### Exercise requirements
When you reach the line holding "Appartamento con 5", please begin to restate the lines word for word and continue through the last one in the material, excluding pictures.

### Source material
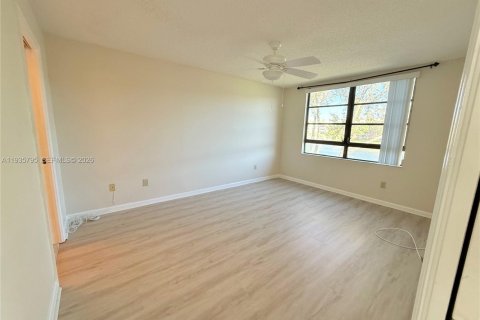 Condominio en alquiler en Tamarac, Florida, 2 dormitorios, 120.22 m2 № 1995389 - foto 14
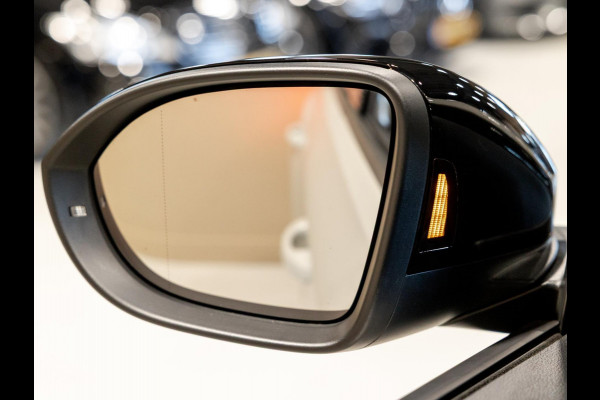 Volkswagen T-Roc 1.5 TSI R-Line Edition / 150pk / Stoel en stuur verwarming / Achteruitrij camera / Keyless /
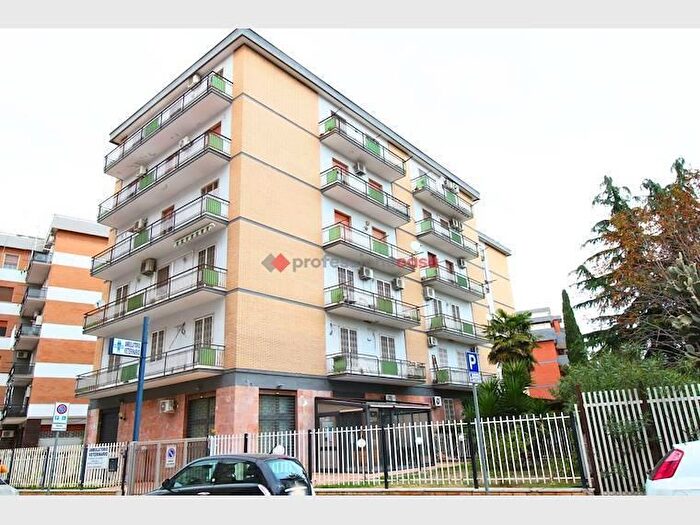 Appartamento con 5 locali in vendita in Via Imperiale, Foggia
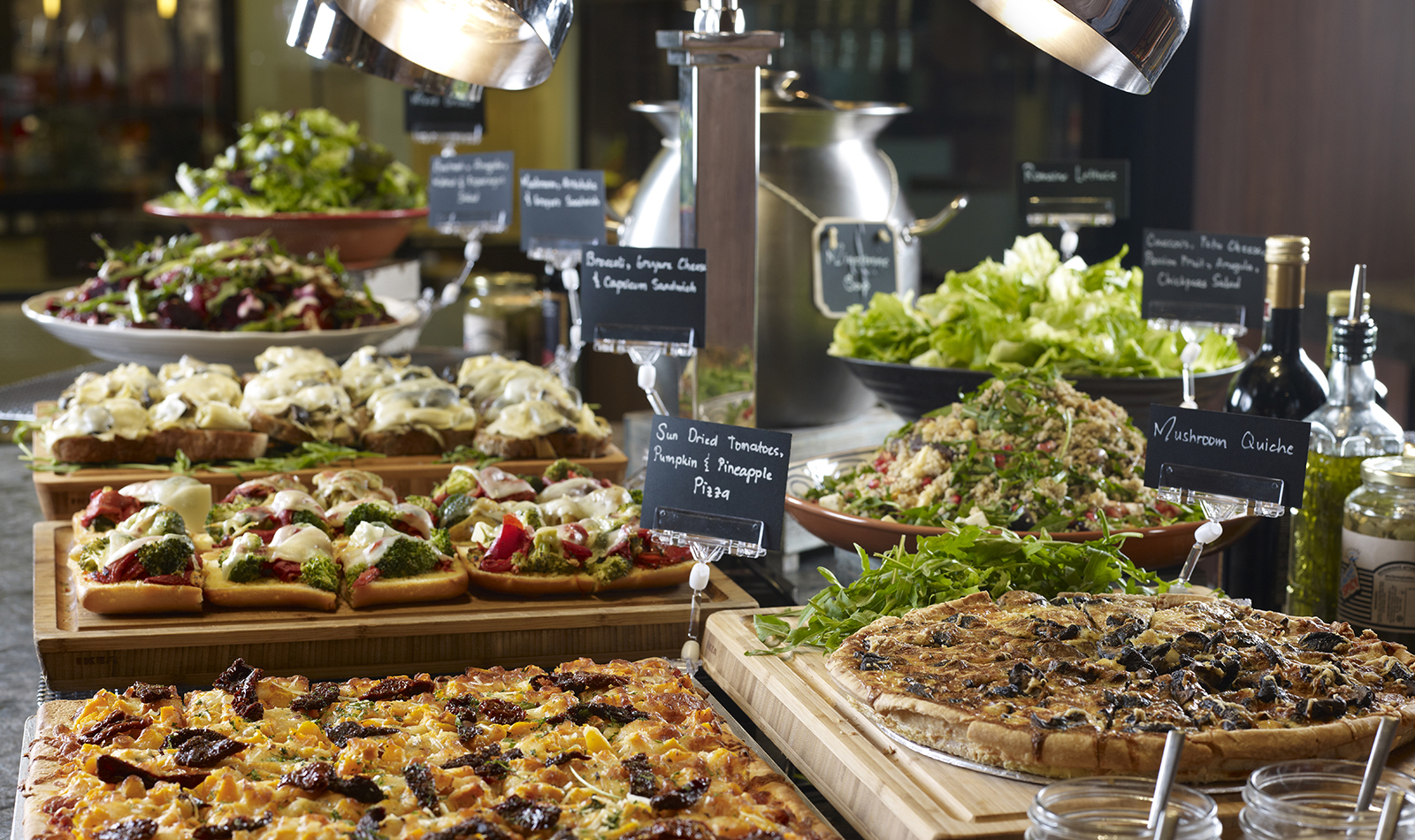 J65レストラン　食事例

### Solution for this problem
 Appartamento con 5 locali in vendita in Via Imperiale, Foggia
 J65レストラン　食事例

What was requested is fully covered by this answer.